Clamp the jig stock to the miter gauge on the table saw. Set the dado-blade cutting width to equal the pin width, and set the blade height to equal the thickness of the workpiece. Make test cuts; then cut a slot in the jig.

The plywood scrap for the jig should be flat and smooth with square corners. (Ours is 3/4 x 6 x 18 in.) Before cutting the slot, make a spacer pin. The pin should be the same thickness as your stock (a cutoff piece is perfect), and the width should be equal to the planned pin width.

Adjust a dado-blade set so it will cut a slot slightly narrower than the pin width and install it in the table saw. Set the blade height to equal the stock thickness. With the workpiece clamped to the miter gauge, cut a slot in a piece of scrap (not the piece you’ll be using for the jig) and test the fit of the pin. Adjust the blade set’s cutting thickness and height, continuing to make test cuts until the fit is perfect with the spacer pin. Then cut a slot about 6 in. from one end of the jig board.

After gluing the spacer pin into the jig slot, attach the jig to the fence on the miter gauge. Adjust the jig position first so it is one pin thickness away from the dado blades.

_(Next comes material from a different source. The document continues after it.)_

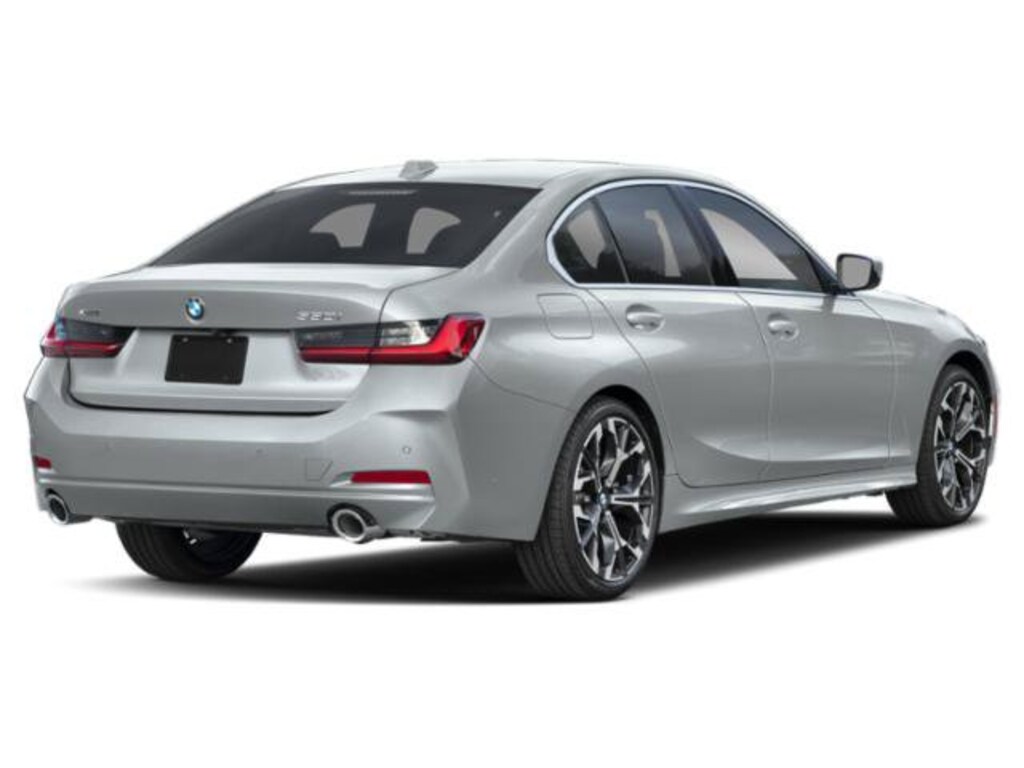 Used 2025 BMW 3 Series 330i Sedan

Glue the spacer pin into the slot. With the miter gauge aligned in its slot on the saw table, hold the jig flush against the gauge. Adjust the jig until the inner face of the spacer pin is located outside of the dado blade set by exactly one pin thickness. Attach the jig to the miter gauge.

Cutting box joints
Make sure both workpieces are the same width and thickness, and then butt the end of one workpiece against the spacer pin on the box-joint jig. Clamp the workpiece to the jig and feed it through the dado blades. Shut off the saw and back out the workpiece and jig. Unclamp the workpiece and reorient it so the slot in the workpiece fits over the pin spacer. Reclamp the workpiece and feed it through the blades. Repeat this process until you have cut all of the slots in the workpiece.

Once you’ve made and positioned the jig, cutting box joints is simple. Start by butting one workpiece against the pin spacer and cutting a slot (photo 1). Then fit the slot over the spacer pin and cut another slot (photo 2).

If the first workpiece ends with a pin, not a slot, keep it clamped to the jig so the pin can serve as a spacer for starting the cuts in the mating board. (If the first workpiece ends with a slot, remove the workpiece.) Cut the pins and slots in the mating workpiece the same way you cut them in the first piece. Cut the remaining joints, always cutting the mating board in succession. Then glue and clamp the joints to form a box.

Repeat until you reach the end of the first workpiece. If the first workpiece ends with a pin, use it as a spacer to begin cutting slots in the mating workpiece.

Cut the mating parts for each corner before moving on to the next corner. When all of the cuts are complete, clamp and glue the box.

Box joints are so similar to finger joints that the terms are often used interchangeably. However, finger joints have tapered pins and tails, mostly because they’re almost always cut with production-grade machinery. One common use for finger joints is to end-join wood stock into longer molding pieces. Both the pins and tails on box joints are square, as they typically are cut by hand with a table saw or router.